Auf Vieques, zu Puerto Rico gehörend, treffen wir die TANOA wieder. Gerald hat inzwischen seine Frau Martina abgeholt und so feiern wir ihren Geburtstag mit einem einem Ausflugstag: Motorrollertour über die Insel, nächtliche Paddelaktion und späterer Restaurantbesuch sind angesagt.
Mit dem Kauf der Tickets gibt man jede Verantwortung ab, zieht auch mal eine Schwimmweste im Paddelboot mit Glasboden an und hört auf den Guide. „Do you see the green light? You always stay behind that light.“ Ich fühle mich sofort an meinen Sportunterricht erinnert. Klare Ansagen. Wir sind die number one, und paddeln im Stockdunklen in eine Mangrovenbucht hinaus.
Hier gibt es den Raum für ein Naturschauspiel der besonderen Art: 3 verschiedene Mangrovenarten produzieren einen fluoreszierenden Stoff, der sich durch Sonnenlicht auflädt und nachts jede Bewegung im Wasser sichtbar macht, indem es leuchtet wie Goldstaub oder Glühwürmchen. Das verdrängte Wasser glitzert an uns vorbei, und vor allem die aufgescheuchten Fische sind als flüchtende Leuchtkörper plötzlich sichtbar. Wir gleiten durch eine schwarze Wasserlandschaft in fließendem Gold.

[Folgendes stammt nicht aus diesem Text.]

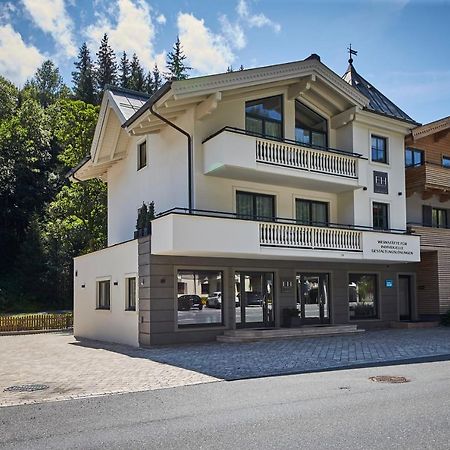 Huettl Relax Appartements Saalbach-Hinterglemm Esterno foto
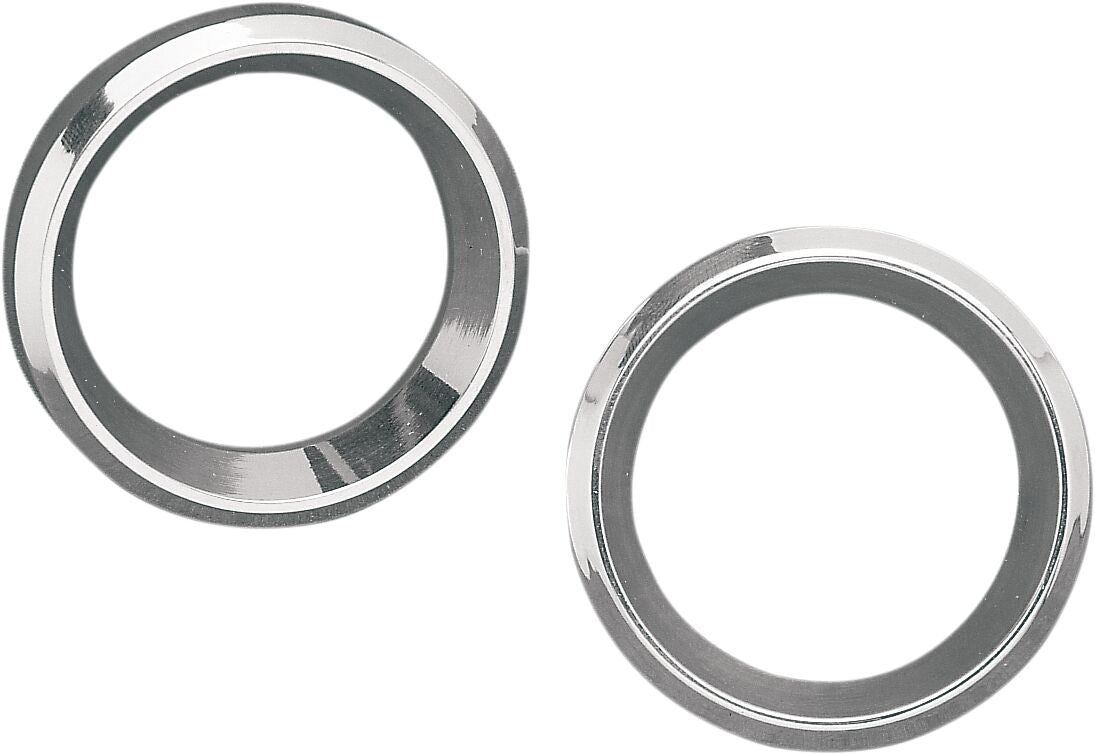 Drag Specialties Bezel 2 Gage 86 13 Flht DASH TRIM GROUP Drag Specialties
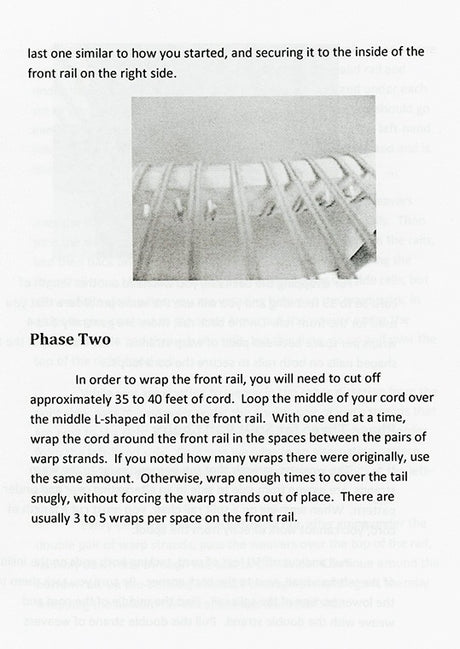 Danish Cord Weaving Booklet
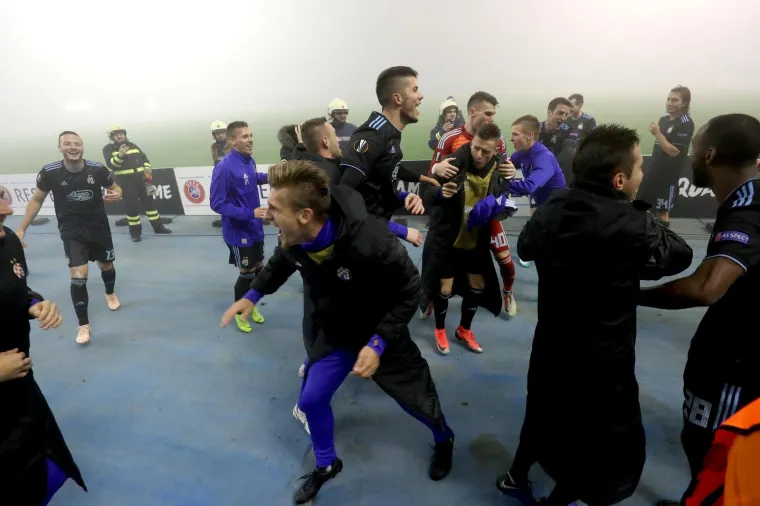 NEZAPAMĆENI PRIZORI S MAKSIMIRA: Pogledajte kako su Modri proslavili povijesni uspjeh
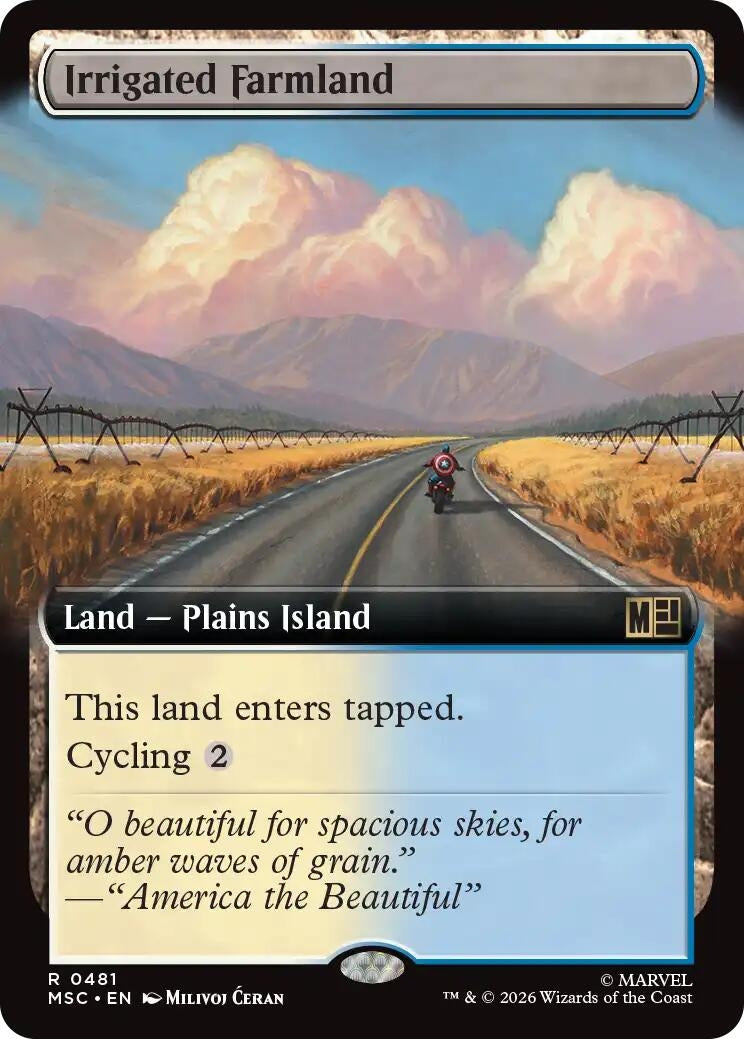 Irrigated Farmland (Extended Art) (481) (MSC)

Am Paddel im Golde sich teilen der Funken strahlender Schein.
(Inge hat heute den literarisch/künstlerischen Dreh, deshalb auch die Schwarzweißbilder, der Säzzer).
Das Ganze ist optisch einfach nicht darstellbar, weder mit dem Handy noch einer GoPro, was zwar schade, aber doch nachhaltig ist. Fantasie und/ oder Poetisierung befeuern dieses Naturschauspiel, das absolut luxuriös ist. Es dient zwar dem amerikanischen Sinn nach geldendem Nutzen, schließlich kostet ein solcher nächtlicher Ausflug 55US$ p.P. Andererseits ist das Zusammenspiel bestimmter chemischer Reaktionen hier weltweit einmalig, aber komplett sinnfrei.

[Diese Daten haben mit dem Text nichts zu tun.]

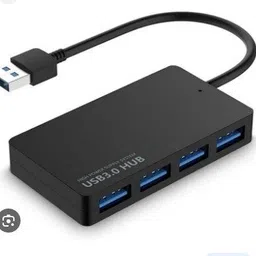 MITHEETECK TERABYTE 3.0 USB Hub 4-Port with Power Supply Super Speed Portable USB Hub Combo Set-picture-10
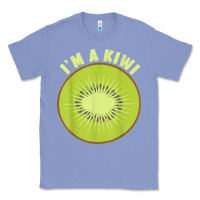 Colony Blue I_m A Kiwi Halloween Costumes Gifts Men Women Kids Classic Tee - longCreatives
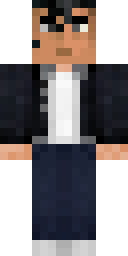 StreamlinerPro's Minecraft character, facing forward.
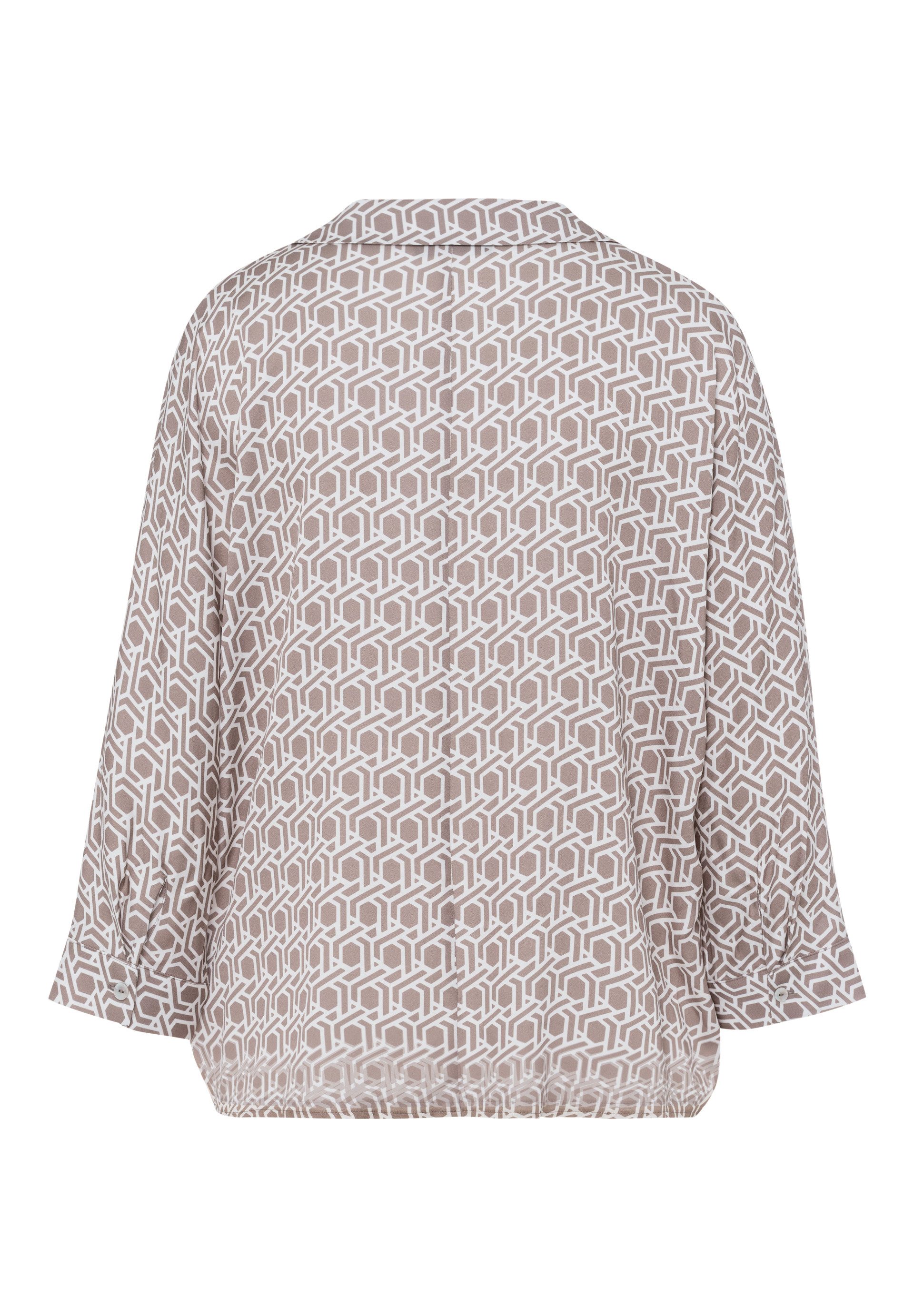 TUZZI Klassische Bluse mit grafischem Muster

Eine amerikanische Mitreisende auf dem Paddelboot glaubte dem Guide tatsächlich, der behauptete, auch Haie würden sich hier nächtlich tummeln. Sie war es jedenfalls und nicht ich, die unmotiviert aufschrie als wäre Haialarm angesagt.
Im El Quenepo in Esperanza speisen wir und lassen Martinas Geburtstag ausklingen. Auch kulinarisch hinterlässt dieser Tag Spuren.